The CA features seem to match the system “forest fire”; the parameters,
describing globally a forest fire, i.e. propagation rate, flame length and
direction, fireline intensity, fire duration time et c. are mainly depending on
some local characteristics i.e. vegetation type (live and dead fuel), relative
humidity, fuel moisture, heat, territory morphology (altitude, slope), et c..
The only global characteristic is given by wind velocity and direction, but
wind velocity and direction is locally altered according to the morphology;
therefore wind has also to be considered at local level.

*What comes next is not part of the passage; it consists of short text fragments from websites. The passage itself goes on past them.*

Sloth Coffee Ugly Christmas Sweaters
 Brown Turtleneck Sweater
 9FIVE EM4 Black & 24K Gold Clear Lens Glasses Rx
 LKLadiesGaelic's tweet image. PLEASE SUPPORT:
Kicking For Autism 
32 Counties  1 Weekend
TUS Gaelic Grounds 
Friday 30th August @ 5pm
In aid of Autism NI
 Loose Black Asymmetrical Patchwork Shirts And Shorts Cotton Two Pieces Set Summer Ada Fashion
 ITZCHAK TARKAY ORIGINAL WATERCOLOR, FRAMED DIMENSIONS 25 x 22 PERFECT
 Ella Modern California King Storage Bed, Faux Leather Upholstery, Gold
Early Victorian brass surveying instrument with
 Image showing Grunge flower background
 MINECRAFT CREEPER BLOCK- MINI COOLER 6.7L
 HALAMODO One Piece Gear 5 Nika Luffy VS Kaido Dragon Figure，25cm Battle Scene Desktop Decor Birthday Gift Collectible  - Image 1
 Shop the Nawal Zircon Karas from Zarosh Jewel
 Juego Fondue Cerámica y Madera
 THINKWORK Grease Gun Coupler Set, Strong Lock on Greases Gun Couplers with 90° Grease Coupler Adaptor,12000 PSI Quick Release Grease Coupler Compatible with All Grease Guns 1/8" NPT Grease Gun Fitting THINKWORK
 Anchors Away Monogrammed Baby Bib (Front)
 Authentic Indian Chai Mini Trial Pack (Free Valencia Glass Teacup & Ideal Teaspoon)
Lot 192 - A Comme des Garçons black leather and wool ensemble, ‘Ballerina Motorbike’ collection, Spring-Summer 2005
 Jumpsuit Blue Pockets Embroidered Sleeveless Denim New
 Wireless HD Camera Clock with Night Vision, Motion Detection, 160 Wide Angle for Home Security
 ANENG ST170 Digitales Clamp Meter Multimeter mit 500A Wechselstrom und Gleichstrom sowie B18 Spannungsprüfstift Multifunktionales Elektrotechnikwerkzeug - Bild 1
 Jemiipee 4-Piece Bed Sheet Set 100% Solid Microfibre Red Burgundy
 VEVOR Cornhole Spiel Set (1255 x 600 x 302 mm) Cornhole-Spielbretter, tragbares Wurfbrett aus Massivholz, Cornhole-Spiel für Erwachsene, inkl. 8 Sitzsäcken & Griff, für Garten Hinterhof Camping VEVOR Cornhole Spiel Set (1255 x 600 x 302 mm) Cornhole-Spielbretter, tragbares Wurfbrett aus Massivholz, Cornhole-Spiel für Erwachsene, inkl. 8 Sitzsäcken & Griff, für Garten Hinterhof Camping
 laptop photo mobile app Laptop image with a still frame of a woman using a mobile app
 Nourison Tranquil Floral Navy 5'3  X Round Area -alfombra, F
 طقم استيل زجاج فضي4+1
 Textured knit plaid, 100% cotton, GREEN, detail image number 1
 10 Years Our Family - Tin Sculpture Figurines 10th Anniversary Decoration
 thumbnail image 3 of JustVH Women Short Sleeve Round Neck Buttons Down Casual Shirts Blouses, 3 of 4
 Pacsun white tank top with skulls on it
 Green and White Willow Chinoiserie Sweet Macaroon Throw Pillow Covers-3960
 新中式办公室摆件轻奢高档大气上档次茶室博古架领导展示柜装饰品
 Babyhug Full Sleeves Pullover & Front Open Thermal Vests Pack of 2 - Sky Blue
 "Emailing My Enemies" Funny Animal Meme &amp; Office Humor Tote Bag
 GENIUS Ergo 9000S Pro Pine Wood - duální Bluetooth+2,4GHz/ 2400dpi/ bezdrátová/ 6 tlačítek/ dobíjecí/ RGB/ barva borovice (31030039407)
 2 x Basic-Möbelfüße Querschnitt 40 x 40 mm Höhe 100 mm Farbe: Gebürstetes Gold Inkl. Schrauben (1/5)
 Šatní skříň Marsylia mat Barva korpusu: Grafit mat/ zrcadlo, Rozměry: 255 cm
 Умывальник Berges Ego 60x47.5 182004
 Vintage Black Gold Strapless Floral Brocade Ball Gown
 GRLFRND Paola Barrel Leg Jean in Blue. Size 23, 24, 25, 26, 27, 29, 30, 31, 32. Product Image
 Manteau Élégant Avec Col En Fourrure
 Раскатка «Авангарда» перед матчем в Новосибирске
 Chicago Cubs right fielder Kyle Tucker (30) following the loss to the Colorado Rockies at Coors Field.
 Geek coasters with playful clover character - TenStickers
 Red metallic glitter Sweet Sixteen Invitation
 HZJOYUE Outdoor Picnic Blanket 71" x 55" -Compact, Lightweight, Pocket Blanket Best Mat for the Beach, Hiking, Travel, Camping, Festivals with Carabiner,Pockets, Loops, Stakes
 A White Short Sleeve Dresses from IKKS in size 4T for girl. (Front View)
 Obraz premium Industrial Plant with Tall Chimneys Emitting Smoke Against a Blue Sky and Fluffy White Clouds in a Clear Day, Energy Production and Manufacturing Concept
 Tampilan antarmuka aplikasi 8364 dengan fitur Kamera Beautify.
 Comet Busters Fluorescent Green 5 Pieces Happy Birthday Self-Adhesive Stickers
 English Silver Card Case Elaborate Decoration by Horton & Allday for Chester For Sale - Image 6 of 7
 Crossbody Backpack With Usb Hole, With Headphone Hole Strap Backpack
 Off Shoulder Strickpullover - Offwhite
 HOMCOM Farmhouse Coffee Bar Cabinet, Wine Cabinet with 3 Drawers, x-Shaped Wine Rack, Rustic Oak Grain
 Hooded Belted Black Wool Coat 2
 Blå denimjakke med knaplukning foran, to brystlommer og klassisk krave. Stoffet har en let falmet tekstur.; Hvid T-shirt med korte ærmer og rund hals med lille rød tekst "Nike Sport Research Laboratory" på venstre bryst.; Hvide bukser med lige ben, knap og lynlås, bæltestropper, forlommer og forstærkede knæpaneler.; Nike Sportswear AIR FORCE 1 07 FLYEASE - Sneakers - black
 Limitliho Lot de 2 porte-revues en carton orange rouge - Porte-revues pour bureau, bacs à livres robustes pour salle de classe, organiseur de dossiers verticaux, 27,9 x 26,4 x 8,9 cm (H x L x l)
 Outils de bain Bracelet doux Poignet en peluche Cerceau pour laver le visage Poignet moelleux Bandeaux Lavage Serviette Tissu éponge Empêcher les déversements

The fundamental studies of Rothermel (1972, 1983) point out these
characteristics; its forest fire spread model is based on dynamic equations,
that allow the forecast of the rate of spread and the reaction intensity
knowing certain properties of the fuel matrix (fuel particle, fuel
arrangement) and environmental conditions (slope, wind, fuel moisture) in
which the fire occurs.
Some models were previously developed in terms of CA: Green (1983a,
1983b) considered a two-dimensional square CA, where each cell is
identified by fuel content and its combustion duration. The fire-spread
mechanism is shortly the following: each burning cell generates an ellipse
with a focus at the cell centre; the ellipse dimension and orientation is
depending on the wind direction and strength. If a cell with fuel content is
inside an ellipse, it will burn at the next steps.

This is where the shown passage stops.